#### TRY IT
Within the material below, locate the line with "Ferguson vs Billy Clifford h2h player stats" and the line with "FIG. 2. Photoelectron", then return those two lines and all lines between them, exactly as written.

#### INPUT RECORDS
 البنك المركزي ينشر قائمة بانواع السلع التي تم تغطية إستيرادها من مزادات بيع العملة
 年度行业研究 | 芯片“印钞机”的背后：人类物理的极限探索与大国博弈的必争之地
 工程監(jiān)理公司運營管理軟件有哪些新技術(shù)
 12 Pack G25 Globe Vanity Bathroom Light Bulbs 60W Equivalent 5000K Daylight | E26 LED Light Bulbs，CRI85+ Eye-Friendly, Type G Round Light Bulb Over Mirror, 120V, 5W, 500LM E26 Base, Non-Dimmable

--

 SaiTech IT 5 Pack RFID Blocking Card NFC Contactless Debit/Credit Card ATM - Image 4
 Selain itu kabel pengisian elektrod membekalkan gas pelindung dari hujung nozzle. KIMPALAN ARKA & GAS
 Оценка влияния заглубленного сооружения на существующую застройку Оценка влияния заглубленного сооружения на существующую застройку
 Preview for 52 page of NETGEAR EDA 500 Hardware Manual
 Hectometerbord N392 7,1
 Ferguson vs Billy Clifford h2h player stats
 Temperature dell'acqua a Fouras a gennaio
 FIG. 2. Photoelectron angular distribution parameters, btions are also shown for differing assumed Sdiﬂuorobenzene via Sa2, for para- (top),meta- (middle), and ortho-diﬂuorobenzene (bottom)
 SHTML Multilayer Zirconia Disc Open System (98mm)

#### FINISHED EXERCISE
 Ferguson vs Billy Clifford h2h player stats
 Temperature dell'acqua a Fouras a gennaio
 FIG. 2. Photoelectron angular distribution parameters, btions are also shown for differing assumed Sdiﬂuorobenzene via Sa2, for para- (top),meta- (middle), and ortho-diﬂuorobenzene (bottom)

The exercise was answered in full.